Generally speaking, my women characters can talk the talk,
but aren't entirely ready to embrace feminist ideals in their own
lives. The same goes for the novel's men, particularly the self-proclaimed
One of the funnier ironies regarding Friedan/Gilda is that though she was the intellectual founder of feminism, she famously preferred Women capital "W" to individual women.
She was notoriously man-hungry and ever on the hunt for
romantic love -- a kind of running joke in The Commune. Friedan agreed
"women were over-sold on romantic love." Yet she celebrated
family and children and repeatedly insisted, "men are not the enemy."
The roman a clef aspect of The Commune is certainly reflected in the cameos and background characters. Astute readers will identify Edie Beale of Grey Gardens fame and the voices of celebrated writers of the period, including Vivian Gornick, Phyllis Chesler, Robin Morgan, Andrea Dworkin. They form a sort of background chorus that grounds the novel in the early '70s and keeps it historically authentic.
Vivian Gornick is especially important in the book and I use
her quotes as a counter theme: back then she was writing that romantic passion
is irreconcilable with female self-fulfillment.
Bottom line, even though The Commune is part roman a clef I was mainly concerned to create characters that readers would care about.
Q: What do you hope readers take away from the novel?
A: I hope they experience it as a joyous romp and get into the humor of the satire. "Hilarious yet astute," Hilma Wolitzer called it. Readers have mentioned LOL moments. It's been a tough two years, the planet feels in crisis -- I hope The Commune brings readers laughter and fun.
And I hope they come away from the novel inspired. Writing the last scene of the march finally swinging into gear, I actually got goose flesh, like my heroine Leora.

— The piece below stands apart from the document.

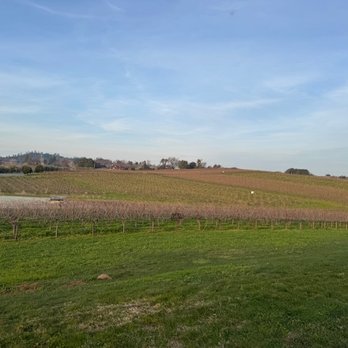 Andis Winery - View - Wineries Near Me - Plymouth, California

The march was not only an amazing event -- it was a wild wager, because no women's movement existed yet. It took such courage to conceive it, then bring it off. "How did we have the nerve," Gilda said. The Commune is about women who had the nerve.
Q: What do you think the novel says about this group of feminists and their impact on American society?
A: Clearly, this group of feminists transformed society. They opened the world of work to one half of humanity. They were visionaries, fighters, bucking a dismissive, backward-looking culture.
"Braless bubbleheads," one journalist called the marchers of August 26. The communards and friends helped make the world safe from such comments.
The Commune also has an eerie relevance: #MeToo was seeded back then. In 1970 it took the form of women's angry diatribes against the patriarchy and male oppression. The difference today, of course, is that men are held to account for abusive behavior.
Q: What are you working on now?
A: I'm trying to put out the word about The Commune. It's pretty labor-intensive! I'm a film critic as well as a novelist, so I'm covering the New York Film Festival for an arts website. And trying to stay fit with Pilates workouts. Once a dancer, always a dancer.
Q: Anything else we should know?
A: The Commune is not really about feminism per se. It's a romantic satire that happens to be set during the exciting, fraught period prior to the second wave. Bottom line, the novel is about women in pursuit of love, who are struggling to balance romance and work -- not unlike women today.